Cool down area: With the addition off some cushions, bean bags and a little dim lighting you find you have created the perfect chill out space. What’s great about a sensory room is how you have the one room yet a number of different spaces within it. A sensory room is designed to be calming and inviting. But it can provide a space designed to stimulate the body and mind. The chill-out space in itself would be the ideal place to help little man shake of any stress or simply recover following a meltdown.

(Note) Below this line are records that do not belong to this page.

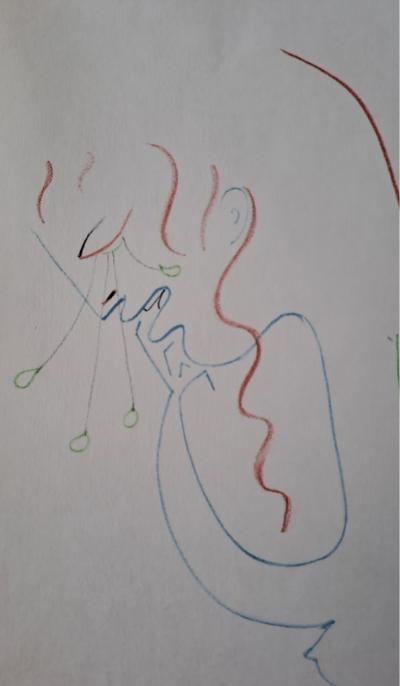 Jean Cocteau - L’homme qui pleure - Lithographie originale en couleur 2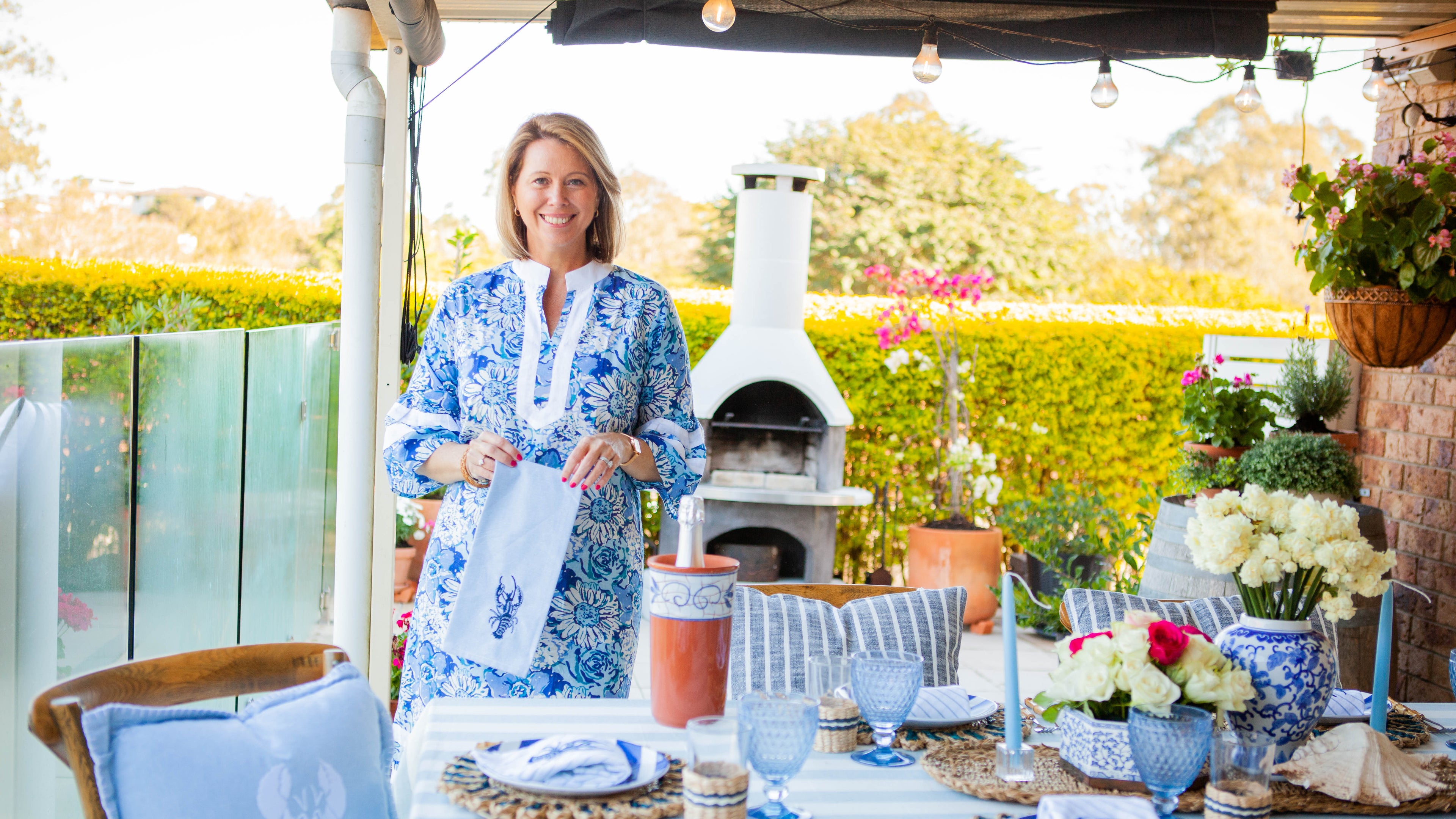 Coastal blue table setting by Wendy Andrews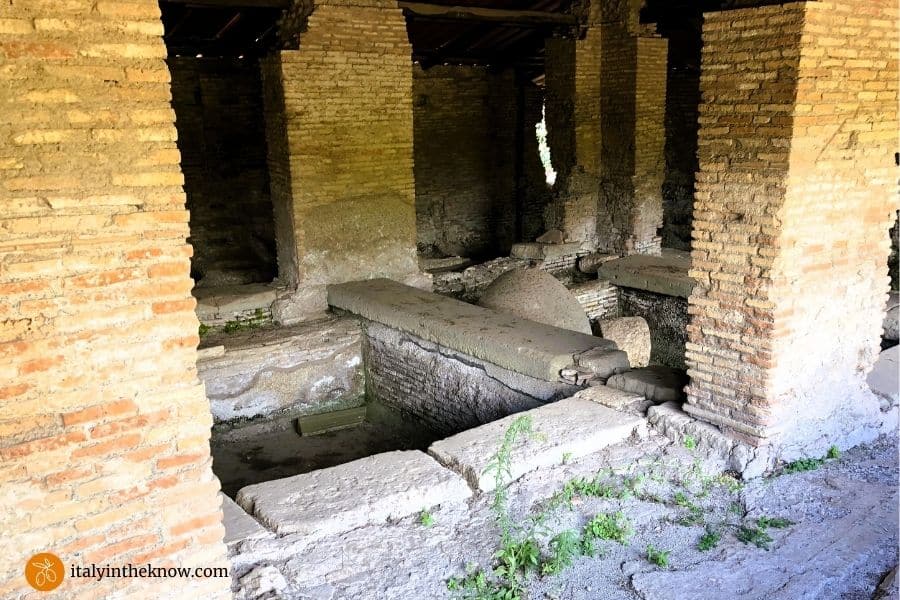 Large stone wash tubs in the laundry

Hammock: The hammock would help little man with the difficulties he experiences due to his out of sync vestibular sense. This means that he often experiences poor body awareness (where his body is within space) A great way to describe this feeling would be to imagine what it feels when you go on a fairground ride that throws your body about in all directions, lifting your feet of the ground at speed or dropping you from a great hight. A hammock or swing would actually work as a therapeutic aid as well as a relaxing space.
The sensory curtain in the above picture is fantastic. Little man recently saw one like this at an expedition and instantly took to it! It’s a very tactile curtain and would be an ideal feature for his very own sensory room.
As for the bed, again i’ve taken into account his need for a stylish space as well as a sensory one. This bed is fantastic! It continues on the bight colour theme what with its striking green wood and very modern design. It’s also a great bed in terms of storage (something his room is currently lacking). I’ve also chose the funky tall unit with brightly coloured storage boxes to store all them wrestling figures and truck loads of Lego.
One of my favourite aspects of a sensory room is how tactile they can be. Little man is very tactile defensive and needs a lot of tactile input to help him adapt and improve his tactile sense. Given he loves Lego the idea of a Lego wall is a great one. It’s very tactile and will further enhance his imagination.
I’ve really enjoyed pulling my ideas together for this challenge. I’ve had them floating around in my head for the last few years and although certain elements have slightly changed (like chosen items and colours) the overall desire to create such a wonderful space remains very much the same.
As a self diagnosed pin head, pinterest is yet another place you can find more of my sensory and autism related boards! I’ve also created one especially for this competition. You can find it by clicking Here
So… There you have it… Our current dream of a sensory room and some very shabby existing interior.
Please note: If like myself you are wanting to create a sensory room, I recently discovered a post on a blog called PlayPennies on creating sensory rooms on a budget. Really worth a look.
Disclaimer: This post is my entry into the Tots100 and RatedPeople.com Home Decor Competition.